*** Opening Records supplied ***

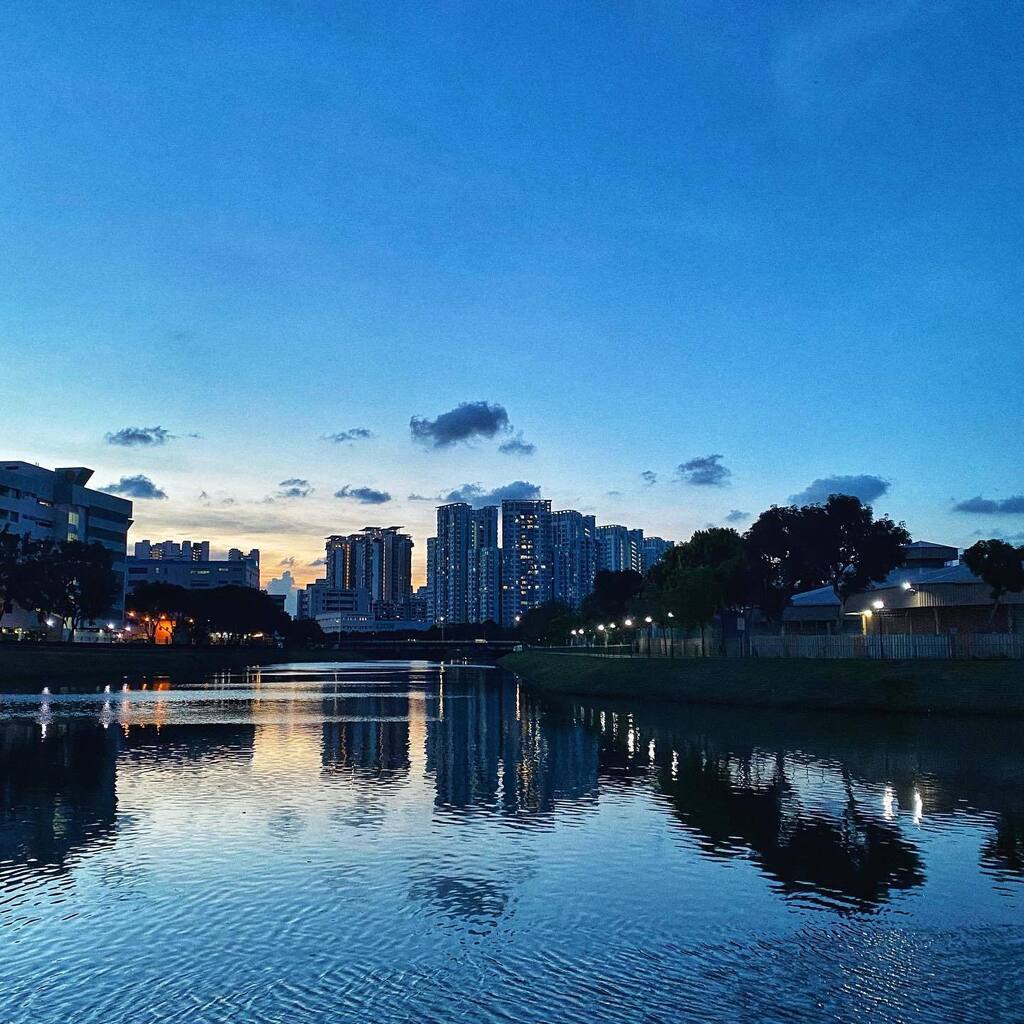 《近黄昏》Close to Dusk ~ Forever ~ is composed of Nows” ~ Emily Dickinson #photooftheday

*** Closing Records supplied ***
*** Opening Records supplied ***

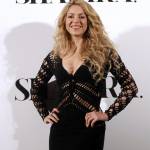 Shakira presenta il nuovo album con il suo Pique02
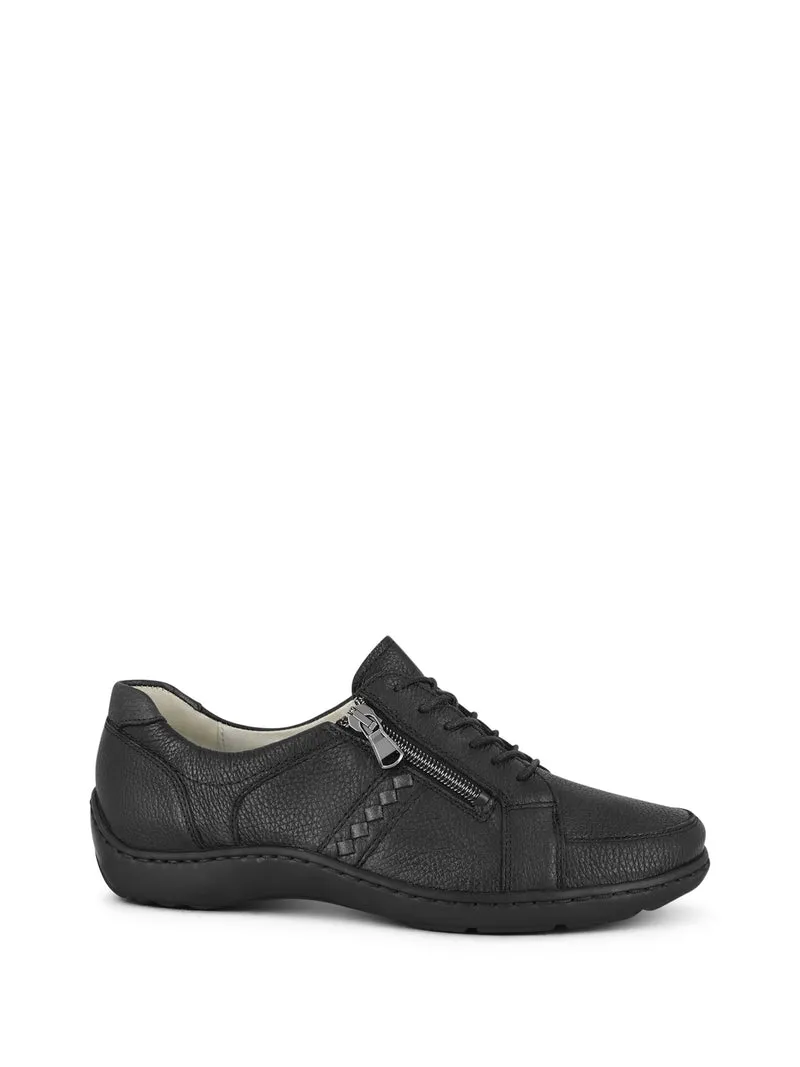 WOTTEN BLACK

*** Closing Records supplied ***
*** Opening Records supplied ***

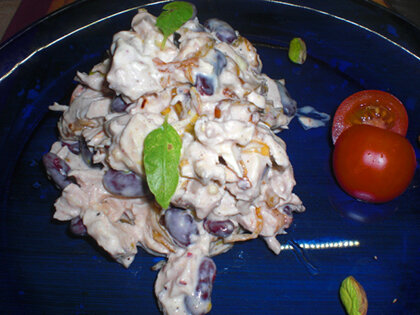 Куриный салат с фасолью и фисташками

*** Closing Records supplied ***

What you write must match the listing exactly, from the line with "Shakira presenta il" up to and including the line with "WOTTEN BLACK". Pictures stay out.

 Shakira presenta il nuovo album con il suo Pique02
 WOTTEN BLACK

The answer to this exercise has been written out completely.